Gerçekler ve Maliye Emekçilerinin Sorunları Görmezden Geliniyor.
Siyasi iktidar, adaletsiz vergi yükünü kaldırmak ve emekçilerin sorunlarını çözmek yerine, vergileri artırmakta ve zamlar yapmaktadır. Her geçen gün alım gücümüz düşmekte, reel ücretlerimizdeki kayıpları gizlemeye çalışmaktadır. Maliye Emekçileri olarak bizler; vergi çarkını çeviren insanlar olarak, görevimizi yerine getirmenin yanı sıra, kendimiz, eşimiz çocuğumuz yani ailemizle birlikte birer vergi mükellefiyiz aynı zamanda.

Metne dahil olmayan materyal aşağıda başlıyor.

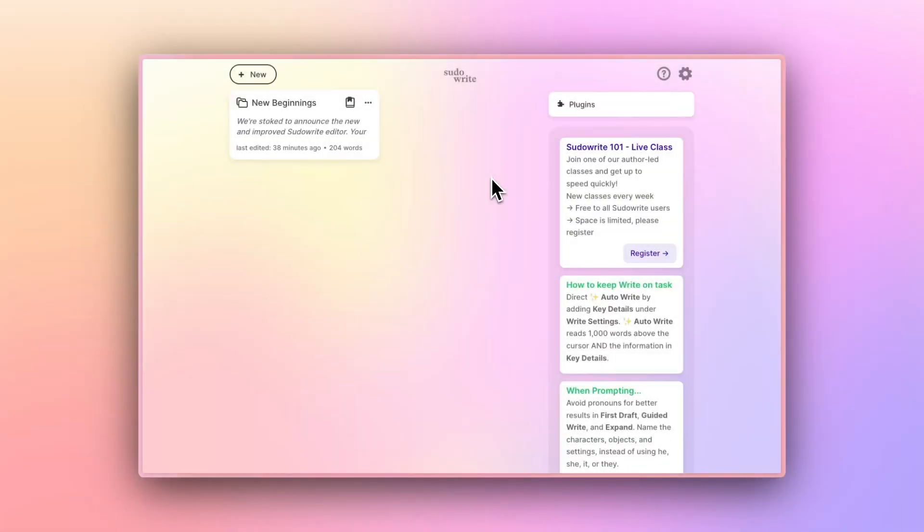Welcome to Pseudowrite, the AI made just for writers and authors so you can get unstuck and write better, faster. This is the first video in our quick start series, focused on navigating Pseudowrite's interface.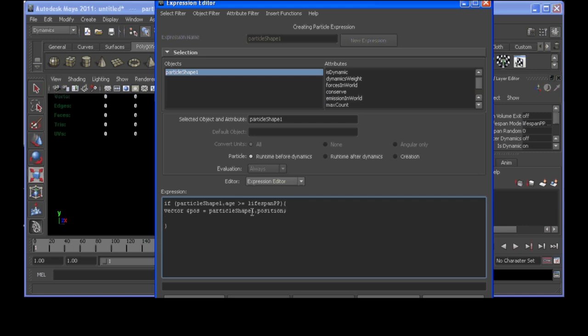And next, we're going to want to decide on how many particles are going to be emitted. And for this example, it's anywhere between 2 and 5. So, we'll put that into a float value or variable to use later. We'll call it emitnum. And that equals anything between 2 and 5.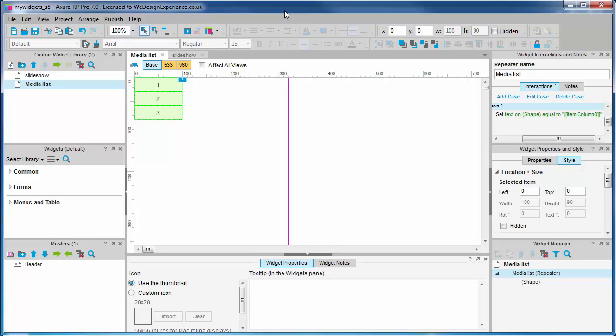This initially takes some getting used to. So the repeater widget comes ready populated with some default data, i.e. these numeric values one, two, and three. The case you can see here is what loads these values into the repeater.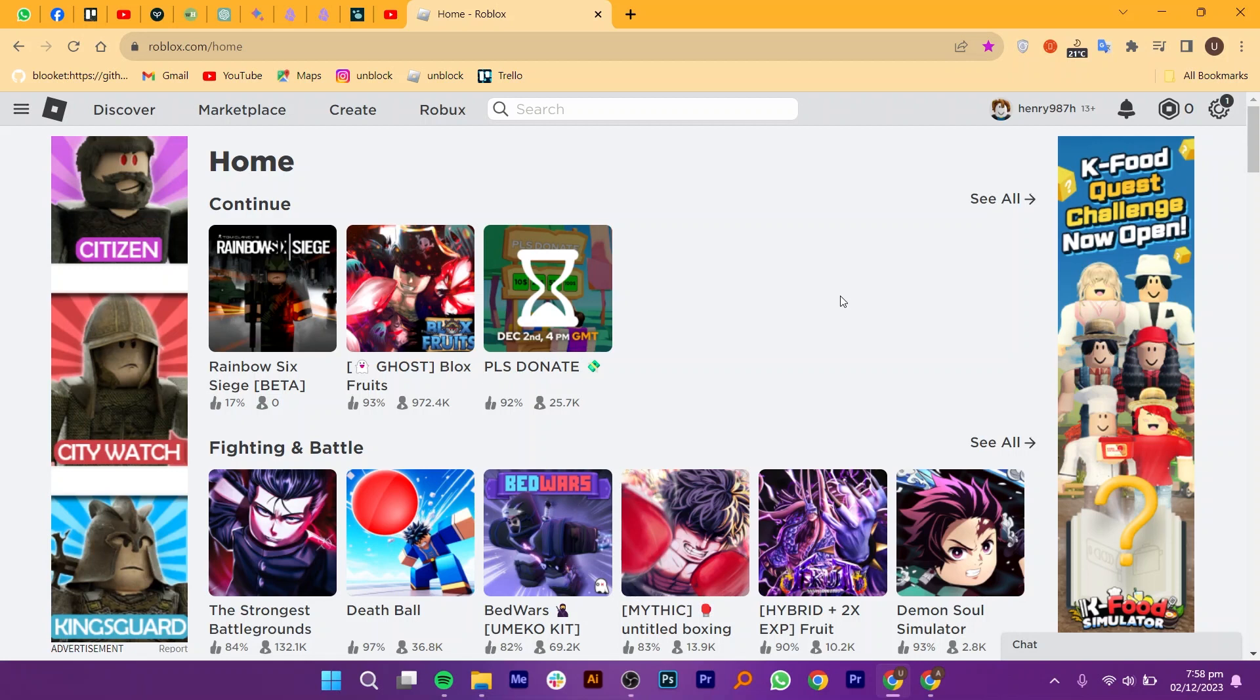To fix this error, first open your web browser and search for roblox.com.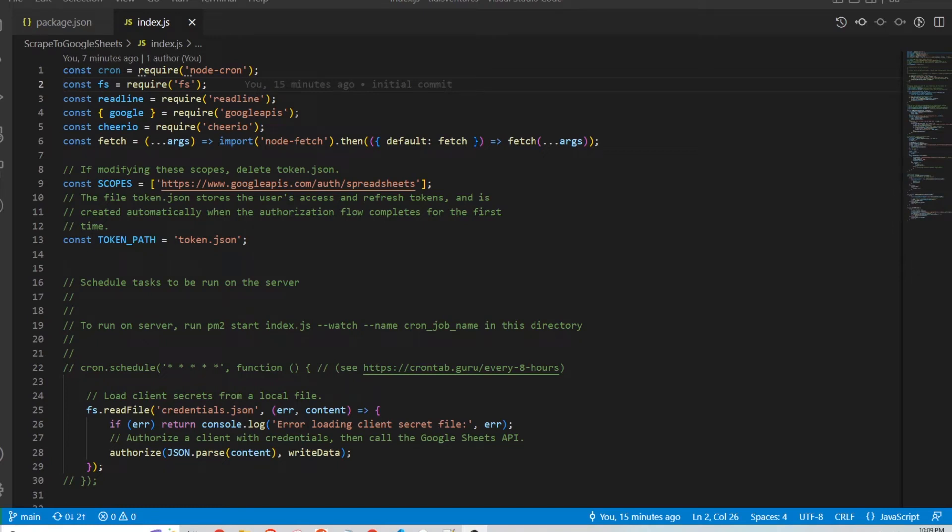Hi and welcome to the Titus Ventures channel. In this video I'm going to show how to scrape a website using Node and then write that data to Google Sheets. This is actually very simple.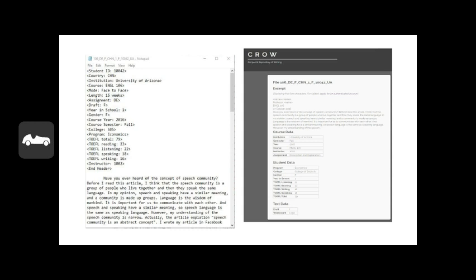We also have information about the assignment. The assignment code here is DE, which stands for Description and Explanation. This is an assignment where students are asked to rewrite an article they read using a different register — it doesn't have to be a multimodal register, but it often is. Some students use tweets, for example, and we'll see an example of that later. In this Description and Explanation, the student is describing what they did — in this case, the writer changed the article into a Facebook post.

Gelir İdaresi Başkanlığı Kuruluş kanunda etkin bir vergi sisteminden söz edilmektedir. Ancak, cilası kazındığında; “Mükellef odaklı hizmet” adı altında, “vatandaşı müşteri”, “kamu kurumunu üretim yapan bir şirket”, “kamu emekçisini tedarikçi” ve “yöneticilerini de tahsildar” olarak gören “girişimci” devlet anlayışının yerleştirilmek istendiği görülmektedir. Bir bütün olarak Kamuda, Gelir ve Gider birimlerinde, yeniden yapılanma adı altında; “Toplam Kalite”, “Performans Esaslı Yönetim” modeli çalışmaları sürdürülmektedir. Şu anda pilot olarak Ankara Vergi Dairelerinde uygulanmakta olan, performans değerlendirmeleri anlamsız bir biçimde iş yükünü arttırdığı gibi, “kesintisiz hizmet”, zorunlu fazla mesai gibi uygulamalarla, esnek ve kuralsız çalışma yaptırılmaktadır. Birimlerin verimliliği ölçülerek, hiçbir bilimsel ve objektif kriteri olmayan puanlama sonucunda, ilk üçe giren Vergi Dairesi Çalışanlarına ÖDÜL olarak fazla mesai ücreti verilirken, son üçe kalan Vergi Dairelerine İHTAR verilmektedir. “Çalışanların birbiriyle rekabet etmesi” ve “birbirini denetlemesi” üzerine inşa edilen Performans Esaslı Yönetim Modeli, hem iş yükünü arttırmakta, hem de çalışma süresini uzatmaktadır. İş yoğunluğu artışına paralel olarak, psikolojik ve fiziksel rahatsızlıklar artmaktadır. Performans değerlendirmesinin temel amacı çok çalışanın daha çok ücret alması değil, aşırı ve yoğun çalışmanın getirilmesidir. Hükümetin yapmak istediği, daha az sayıda kamu çalışanı, daha uzun çalışma saatleri, daha fazla iş yüküdür. Vergi kaçıranlar, toplanan vergileri hortumlayanlar, rantiyeciler için her türlü muafiyet ve kolaylık sağlanırken, Maliye Emekçileri, giderek artan iş yükü ve yoğun çalışma, ücret adaletsizliği ve geçim sıkıntısı nedeniyle psikolojik ve fiziksel rahatsızlıklar yaşamaktadır. Yeniden yapılanmanın cilası olan “Uzmanlık” uygulamasının işyerlerimizde başlamasıyla birlikte, Maliye hizmetlerinin yürütüldüğü (Gelir-Gider) tüm birimlerde görev yapan Maliye Emekçileri arasında, büyük miktarlara ulaşan (500TL) ücret adaletsizliği ortaya çıkmıştır. Aynı serviste, aynı iş yapan; görev, yetki ve sorumluluk bakımından eşit koşullara sahip emekçiler arasında yaratılan ücret adaletsizliği nedeniyle, çalışma barışı bozulmuştur. Maliye Teşkilatı (Gelir İdaresi Başkanlığı), son 4 yıldaki uygulamaları nedeniyle çalışanları tarafından mahkemelik olduğu kadar, Cumhuriyet tarihi boyunca olmamıştır herhalde… Neredeyse Gelir İdaresini dava etmeyen “memur” kalmadı…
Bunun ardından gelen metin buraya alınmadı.